**YOUR ASSIGNMENT**: Every record is to be duplicated exactly as it reads, without its images.

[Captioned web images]
_ _ _ _ _
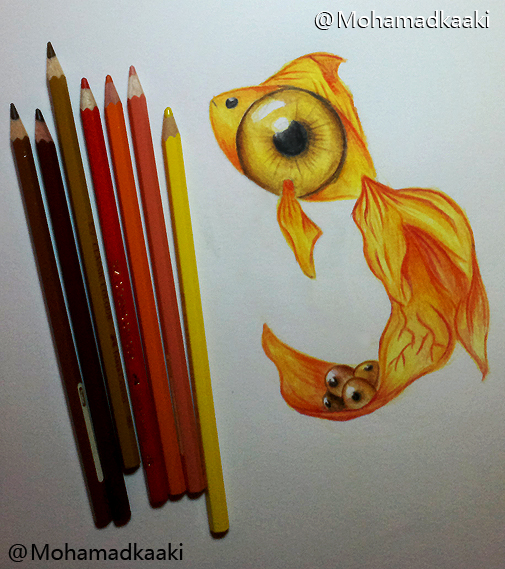 Fishy Eye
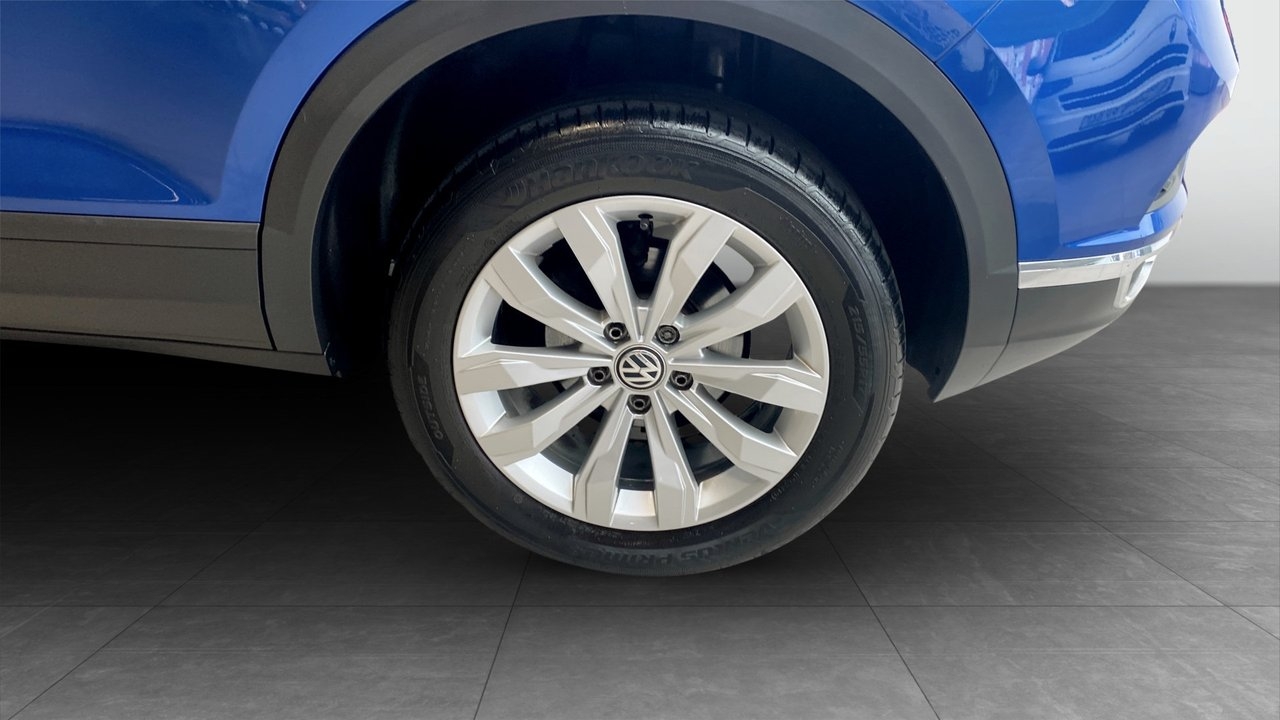 Volkswagen T-Roc 2020, bild 6/10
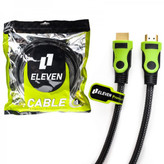 بستهبندی کابل HDMI ELEVEN طول ۲۰ متر
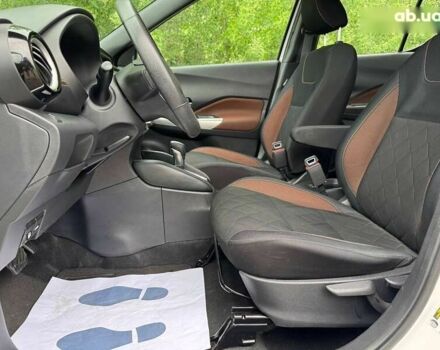 Ніссан Kicks, об'ємом двигуна 1.6 л та пробігом 100 тис. км за 14500 $, фото 23 на Automoto.ua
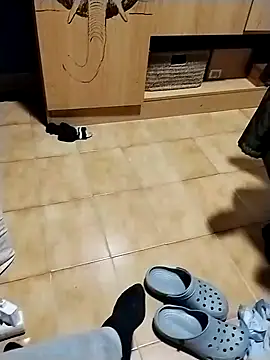 Snapshot of minitranca chatting on 10/26/25, 11:20 minitranca online show from 10/26/25, 11:20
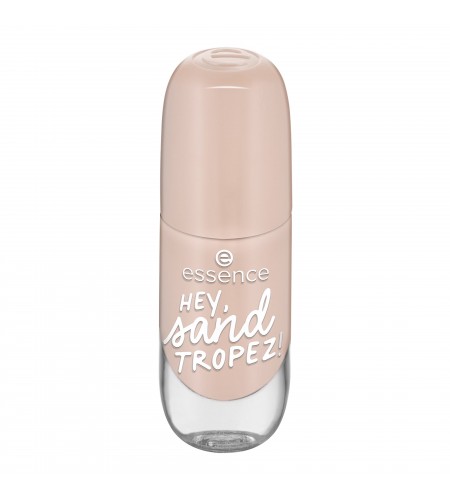 Verniz de Unhas Gel Nail Colour 27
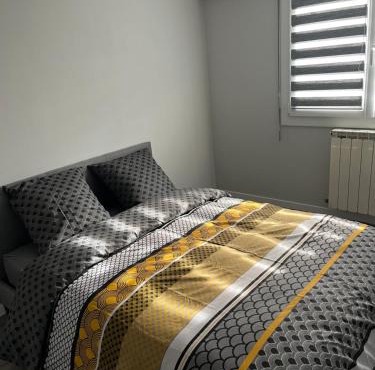 Bel appartement de 60 m2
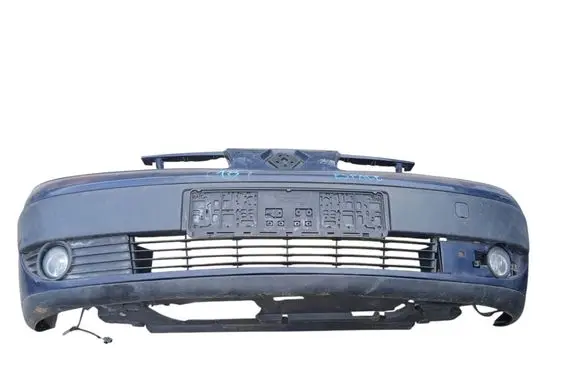 Renault Espace IV Front bumper 8200102205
_ _ _ _ _
**ANSWER SECTION**:
 Fishy Eye
 Volkswagen T-Roc 2020, bild 6/10
 بستهبندی کابل HDMI ELEVEN طول ۲۰ متر
 Ніссан Kicks, об'ємом двигуна 1.6 л та пробігом 100 тис. км за 14500 $, фото 23 на Automoto.ua
 Snapshot of minitranca chatting on 10/26/25, 11:20 minitranca online show from 10/26/25, 11:20
 Verniz de Unhas Gel Nail Colour 27
 Bel appartement de 60 m2
 Renault Espace IV Front bumper 8200102205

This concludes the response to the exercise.